== SOURCE INFORMATION ==
----
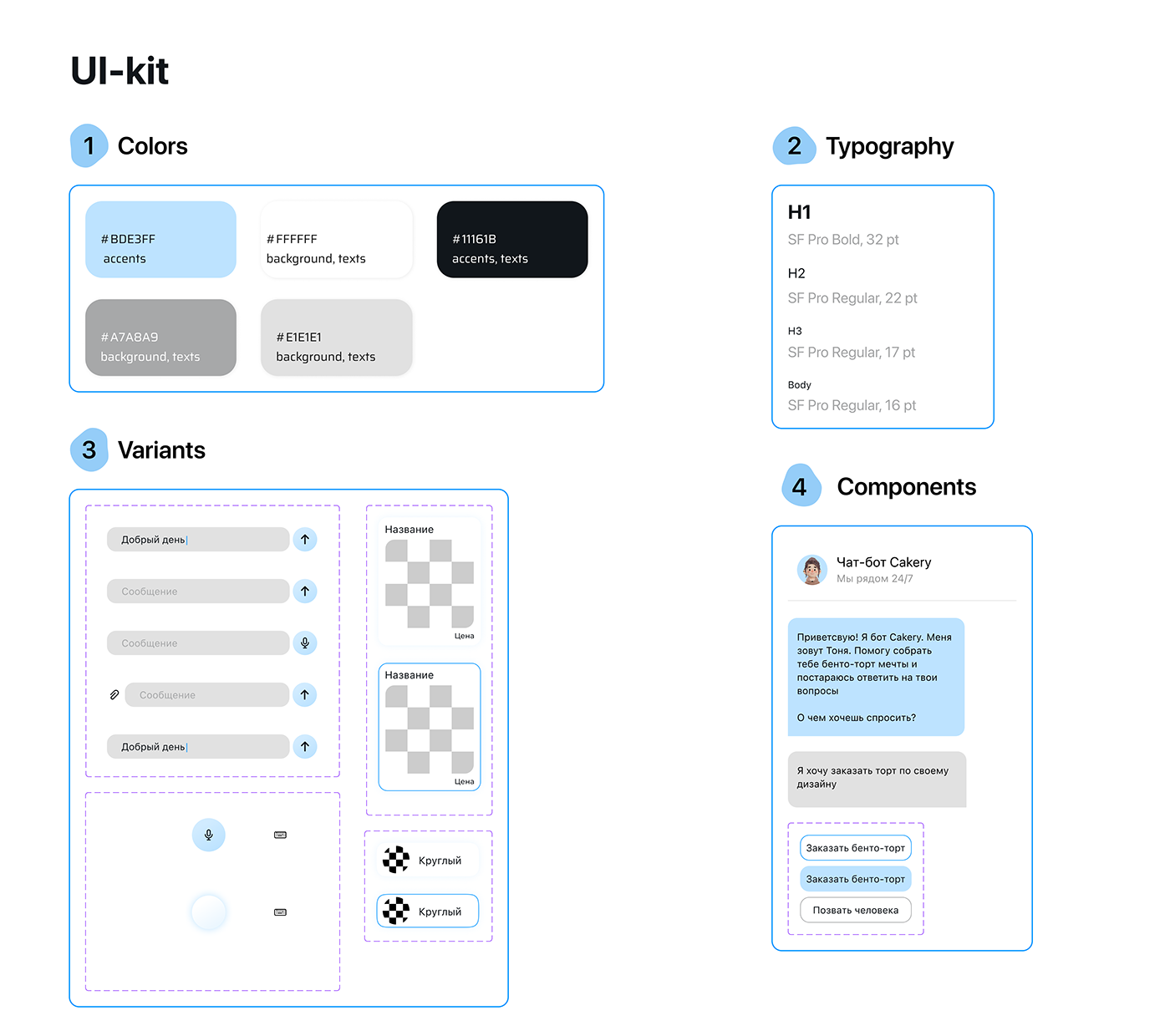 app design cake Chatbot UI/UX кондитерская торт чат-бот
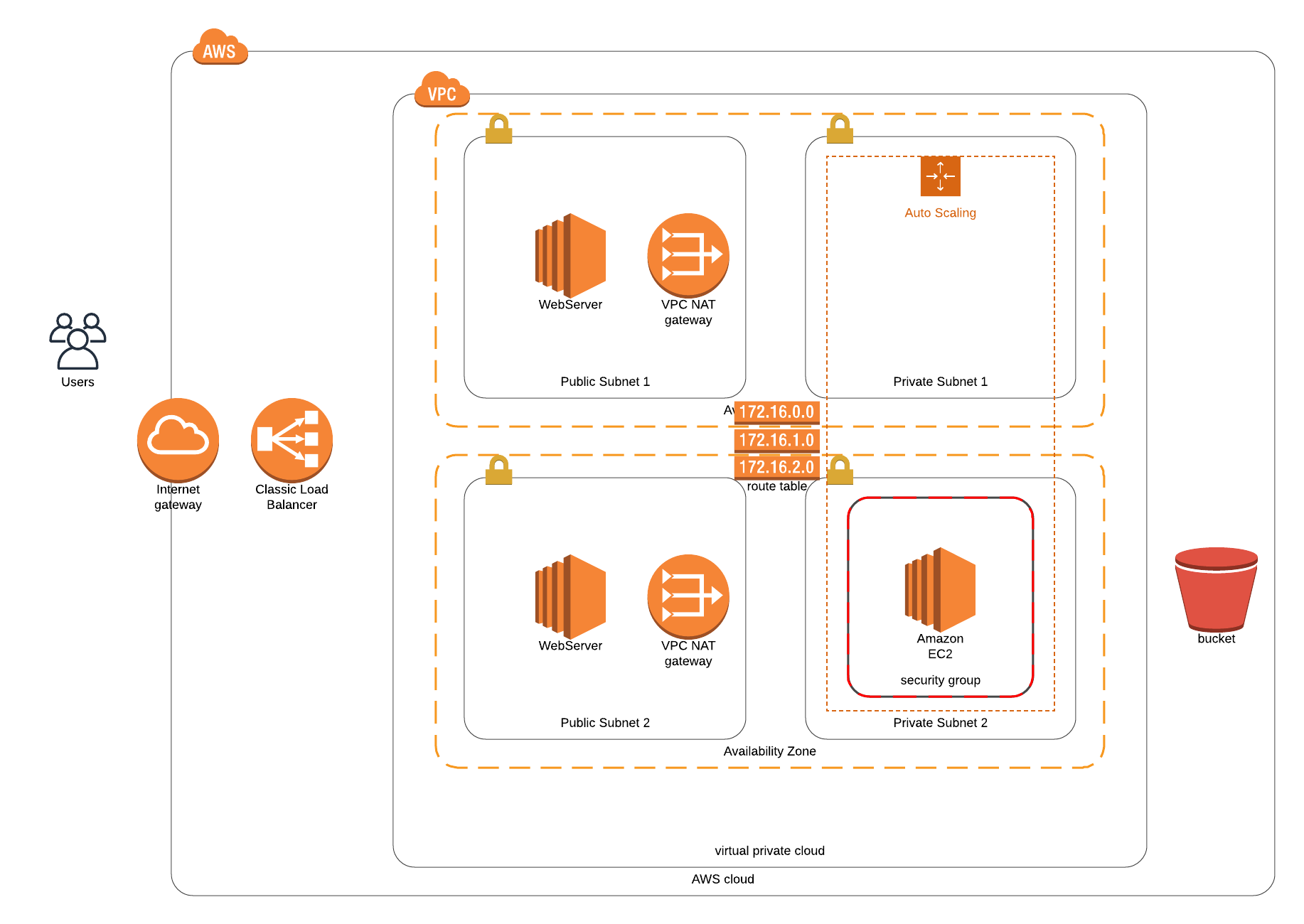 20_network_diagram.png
----
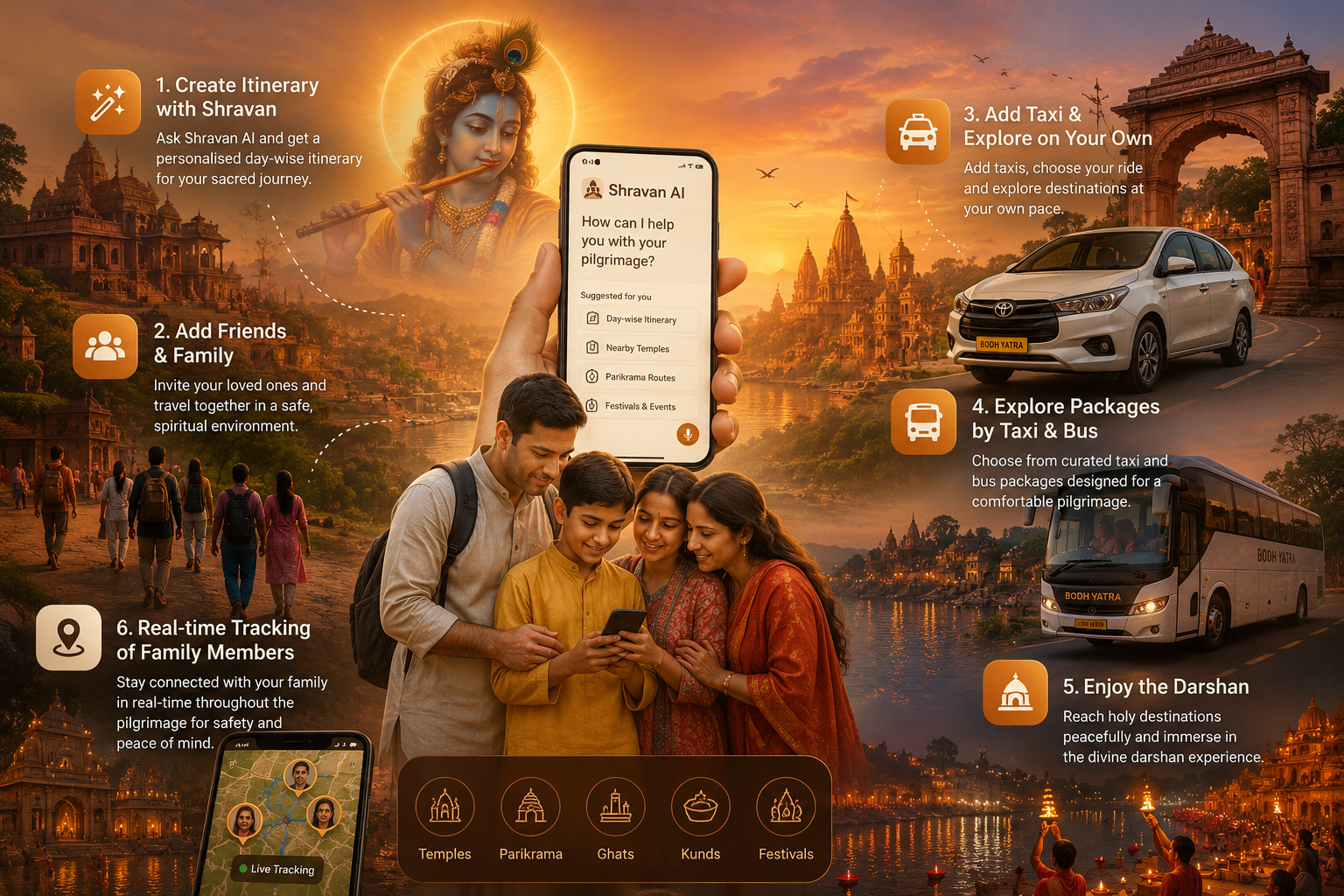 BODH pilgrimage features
----
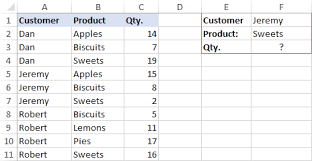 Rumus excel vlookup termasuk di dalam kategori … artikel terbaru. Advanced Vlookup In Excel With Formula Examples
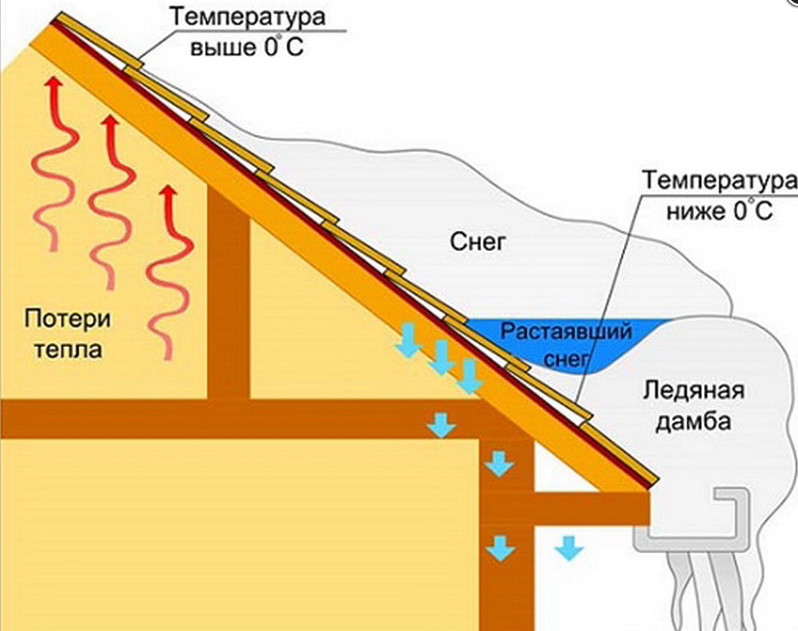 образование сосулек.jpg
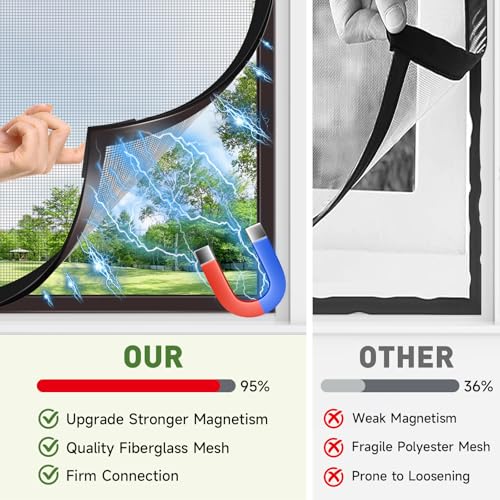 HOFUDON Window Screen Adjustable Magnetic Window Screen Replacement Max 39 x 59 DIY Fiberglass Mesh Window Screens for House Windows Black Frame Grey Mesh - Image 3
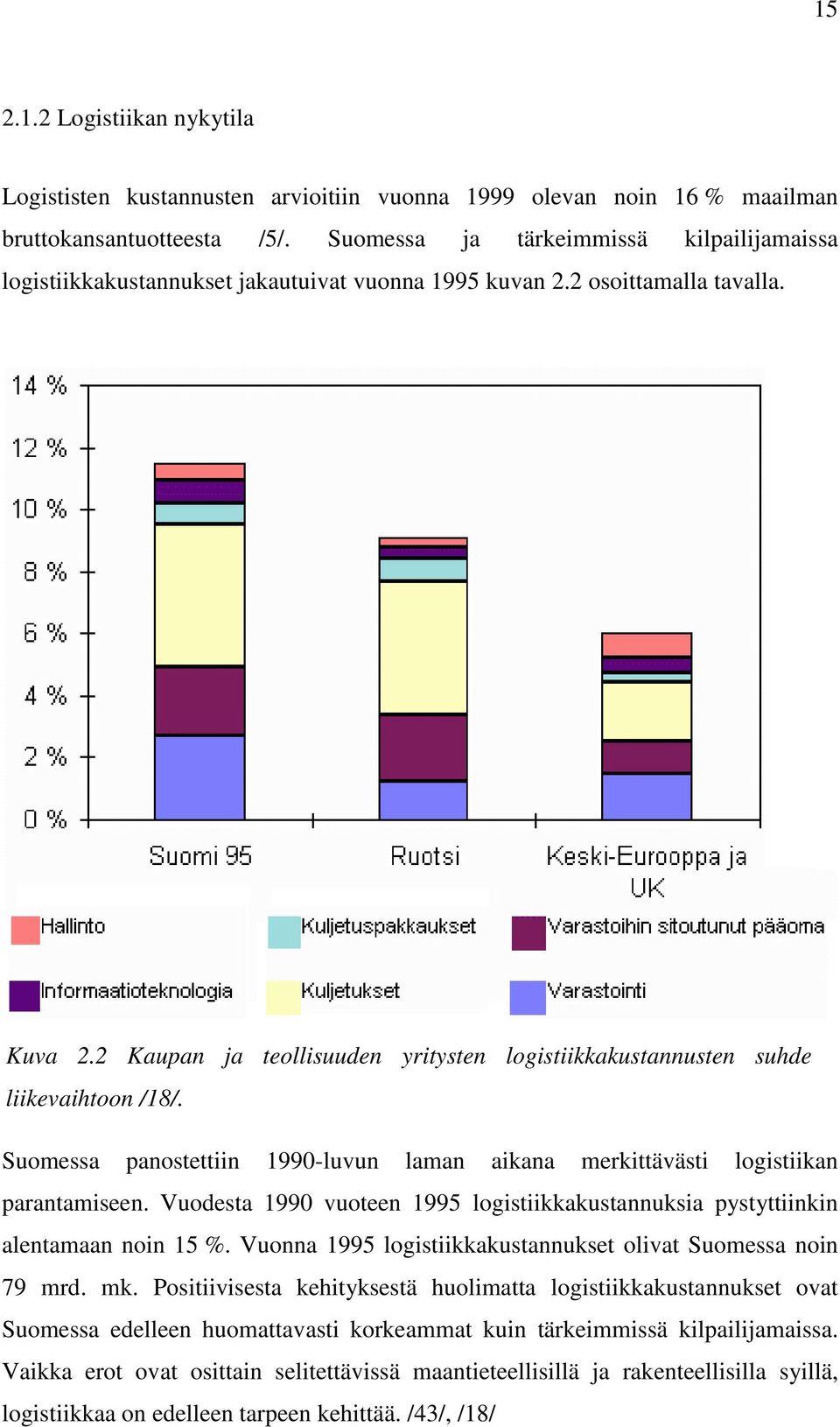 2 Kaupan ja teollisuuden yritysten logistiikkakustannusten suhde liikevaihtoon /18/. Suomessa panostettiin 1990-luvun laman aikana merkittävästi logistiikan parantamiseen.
----
== PROBLEM STATEMENT ==
Look through the listing above for the line with "app design cake" and the line with "20_network_diagram.png". Write out exactly those lines and everything between, leaving out pictures.

== ANSWER FOR THE TASK ==
 app design cake Chatbot UI/UX кондитерская торт чат-бот
 20_network_diagram.png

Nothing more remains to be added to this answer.